Our projects: Best Human practices in Synthetic Biology

Consideration of Ethical issues, conceptualization of projects in accordance with the Bioethics:

Our project involves creation of synthetic constructs to be used for specific functions. We are attempting to construct a multi-state Turing machine which is a compound, modular computational system that has independent, interacting states which applies the above principle. This approach might overcome the shortcomings in building more complex and composite circuits.

Host organism :

For evaluation and further validation the gene circuits are inserted into control cell systems such as E.coli, which becomes genetically modified bacteria. ''E.coli'' is our organism of choice. It is generally a non-pathogenic bacteria and is a normal part of intestinal flora of warm-blooded animals. Neither the host strain nor the modifications introduced in them lead to any pathogenesis.

Good Lab Practices:

All the undergrad students were provided with the standard GLP guidelines and biological lab ethics. Standardised precautions were taken to handle the strains only in a biosafety hood.

Discrimination of the wild and genetically modified strains:

Care was taken not to mix the synthetic organism gene pool with the naturally occurring gene pool. Decontamination before disposal, and disposal according to the prescribed GLP guidelines was carried out.
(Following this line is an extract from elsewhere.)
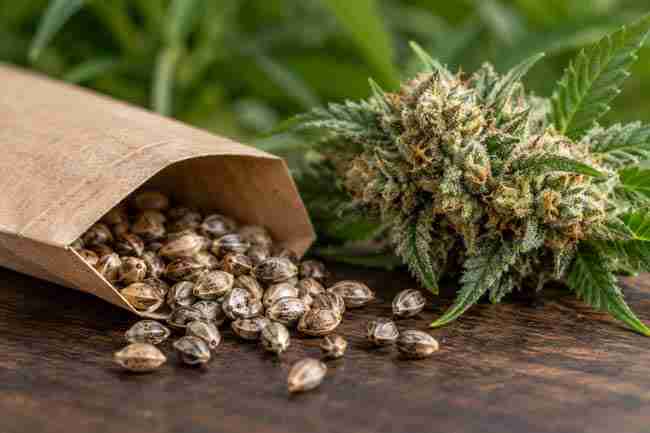 Striped cannabis seeds beside a frosty flower and an unmarked seed packet.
Opinion Exchange: BioEthics

Throughout the course of iGEM projects, we have tried to criticize and review our methodologies ourselves as well as by others. A thorough revision and self retrospection on the same is something which is required for each Team in iGEM. We have discussed and reviewed our concepts,protocols, potential applications and risks, if any with Advisors, Faculties, research students from various biology departments in and around Pune University.

Concluding Remarks

Synthetic biology holds immense promise as a beneficial technology. As with any other area of biotechnology, there are associated areas of concern and risk. The technology itself is in a nascent stage and some of these issues will no doubt evolve as the technology progresses. We applaud the intellectual freedom of researchers to think and dream in the pursuit of greater understanding that could lead to a better life for all of us. We believe the public should fully participate in the introduction of these new products both through an open, accessible and accountable regulatory system and through the exercise of free choice via market mechanisms. We encourage increased awareness and understanding of how agricultural biotechnology is being applied, and its impact on agricultural practices, use of animals in research, the environment and biological diversity.